Just to say I'm thinking of you and hope your daughter will manage and be OK with it all. Beaming love and good thoughts for her and all around her, including you. <3 xxx
HI , Im really sorry about your daughter. It seems to be quite a problem world wide where theres always so many issues before diagnosis happens.
Firstly you have to find away to get yoru daughter there. You have to be cruel to be kind . Can you promise her a treat afterwards ? Late nights every weekend for a month or anything you can devise that would fit for your family. Can you explain to her that they have finally found something and this time they can give her a diagnosis and medication so that things will turn around for her ? This whole issue is brutal for us as parents and it is heartbreaking but somehwere deep down inside you have to do this, and get really strict with her.

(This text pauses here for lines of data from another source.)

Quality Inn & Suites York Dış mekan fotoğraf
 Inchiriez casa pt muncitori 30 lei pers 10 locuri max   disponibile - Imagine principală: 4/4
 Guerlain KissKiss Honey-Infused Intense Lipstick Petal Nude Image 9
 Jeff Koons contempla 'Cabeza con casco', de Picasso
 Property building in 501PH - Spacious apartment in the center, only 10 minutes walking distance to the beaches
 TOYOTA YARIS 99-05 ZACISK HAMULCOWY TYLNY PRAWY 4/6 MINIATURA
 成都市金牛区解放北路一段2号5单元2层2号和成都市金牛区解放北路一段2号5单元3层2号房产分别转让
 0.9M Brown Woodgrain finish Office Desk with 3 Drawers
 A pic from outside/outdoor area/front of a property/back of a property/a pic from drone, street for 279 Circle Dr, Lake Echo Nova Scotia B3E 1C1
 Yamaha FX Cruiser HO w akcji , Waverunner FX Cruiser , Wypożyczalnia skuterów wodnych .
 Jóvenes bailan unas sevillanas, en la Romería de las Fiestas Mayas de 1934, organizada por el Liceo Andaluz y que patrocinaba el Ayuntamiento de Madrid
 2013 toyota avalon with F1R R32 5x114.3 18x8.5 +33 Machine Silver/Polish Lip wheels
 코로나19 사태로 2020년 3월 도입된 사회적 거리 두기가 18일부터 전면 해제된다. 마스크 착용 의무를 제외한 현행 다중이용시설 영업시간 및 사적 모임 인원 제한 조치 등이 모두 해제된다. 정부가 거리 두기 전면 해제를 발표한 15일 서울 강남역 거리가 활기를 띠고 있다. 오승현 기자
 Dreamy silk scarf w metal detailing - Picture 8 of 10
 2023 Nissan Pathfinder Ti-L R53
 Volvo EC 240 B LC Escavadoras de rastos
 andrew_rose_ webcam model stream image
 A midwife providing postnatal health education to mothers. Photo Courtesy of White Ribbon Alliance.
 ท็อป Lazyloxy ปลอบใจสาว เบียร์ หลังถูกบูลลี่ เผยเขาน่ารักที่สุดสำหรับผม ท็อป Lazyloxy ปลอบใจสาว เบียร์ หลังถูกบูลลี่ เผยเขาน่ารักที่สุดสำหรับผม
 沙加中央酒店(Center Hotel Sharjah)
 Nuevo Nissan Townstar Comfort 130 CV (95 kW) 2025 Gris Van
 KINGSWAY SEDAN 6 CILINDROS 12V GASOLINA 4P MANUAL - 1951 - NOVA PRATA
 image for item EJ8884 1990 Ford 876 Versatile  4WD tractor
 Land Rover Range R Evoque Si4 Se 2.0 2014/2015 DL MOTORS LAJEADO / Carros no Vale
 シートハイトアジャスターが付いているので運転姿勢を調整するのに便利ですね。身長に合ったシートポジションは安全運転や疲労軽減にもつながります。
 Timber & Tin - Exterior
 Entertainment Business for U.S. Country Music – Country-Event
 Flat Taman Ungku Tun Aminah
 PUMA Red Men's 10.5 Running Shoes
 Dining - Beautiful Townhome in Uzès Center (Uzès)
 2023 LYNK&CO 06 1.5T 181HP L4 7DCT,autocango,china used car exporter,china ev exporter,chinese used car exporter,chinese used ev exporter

I know i sound harsh , but i have been through it and then some. I have lived abroad for a bit and came back to Great Ormond street and then they tried to fob me off saying shes a bit plump and probably has irritable bowel as well as recurrent ovarian cysts, So we wasted all our savings on flying back to the UK to get that . WE did discover that she has Anti phospho lipid syndrome , but i didnt give up she got a lot worse with back pain stomach pain hip pain . I then foudn ou about a German paediatric rheumatologist who wrapped up 2 years of heart ache and misery in one appointment. She told us her suspsicions did a load of ultra sounds to every joint, then organised an MRI scan . It showed my daughter 13 had sacroilitis and subchondral erosions in her iliac because the inflamatory process was allowed to go on so long !!! My daughter has a strong pain tolerance but when it comes to blood draws ..... she is a different person! Turns out all these issues were the result of Juvenile spondarthritis ! She has been on salazopyrine for 6 weeks stepping up the dose, and finally her crp is dropping her Esr is dropping and all her bloods are slowly moving where as before they were rising btu they couldnt see why . Juevenile spond arthritis is an auto immune disorder , i myself have SLE Sjorgrens, Hashimotos and osteo , so things can turn up that are in the auto immune family.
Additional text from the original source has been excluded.